Prior to cutting a break or derailleur cable I put a few drops of super glue on the area to be cut, and wipe off the extra with a paper towel. I then use a dremmel cutting wheel to make a nice clean cut. The super glue prevents it from unraveling on me. (I have a park tool made for this, but the dremmel works better). I also use the dremmel to cut housing.

If your using new cables you probably don't have to worry about this happening, but I sometimes reuse cables that are in nice condition and this allows me to easily feed previously cut cables back though the housing, Sometimes after the cable is cut, I add another drop back on to the end.  And then when its time to crimp a end cap on, another drop gets put on before the cap is added.

The process ends up saving me some time.


----------



## catfish (May 6, 2018)

Good cable cutters help too.


----------



## GiovanniLiCalsi (May 6, 2018)

I brush clean the area to be cut, brush on soldering flux, heat and solder the cutting area. I use silver solder. This makes a very strong, unbreakable cable end, that never unravels...


----------



## bairdco (May 18, 2018)

I have some Klein dykes I've been using for a long time that chop cables no problem.

To me, that's the best trick. Use good cutters and you have no problems.

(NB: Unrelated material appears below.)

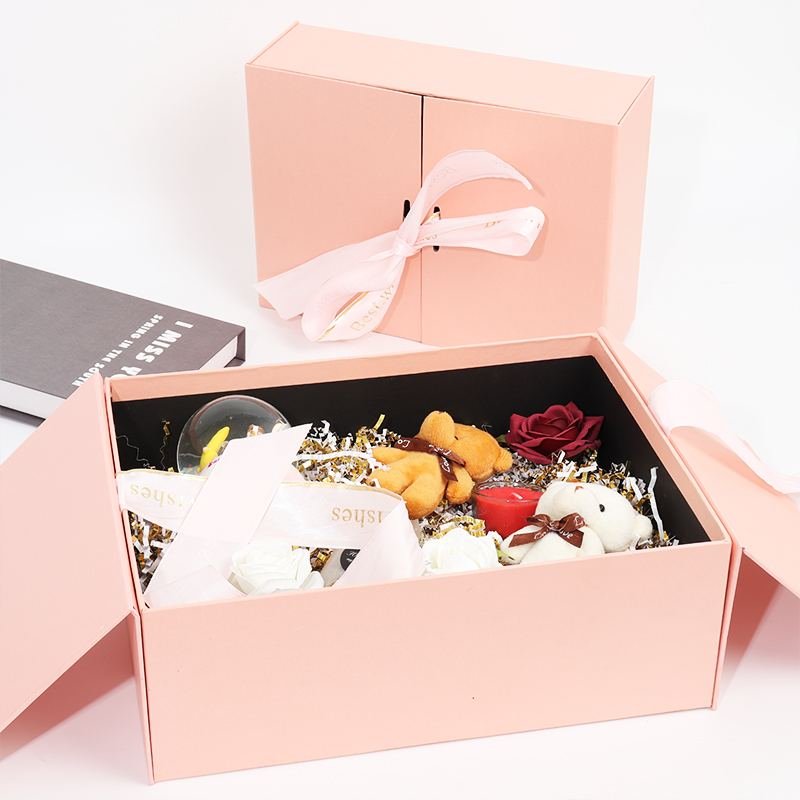 Double Door Valentine’s Day Gift Box – Custom Romantic Packaging Wholesale Pink double door gift box closed – gold foil bow ribbon decoration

Krazy glue is a great thing, though. If you ever wrap exhaust pipes with header wrap, squirt a line of krazy glue on it, cut with scissors, and it never frays.


----------



## Andrew Gorman (May 18, 2018)

Just get good cable cutters- they are a lot faster than a Dremel.  And they cut the housing cleanly too.  BUT- if you are cutting a couple of cables a year and have a Dremel it works just fine. Dykes aren't really made to cut hardened steel, but they are so well made they work well.  Cheap side cutters are a whole different thing.


----------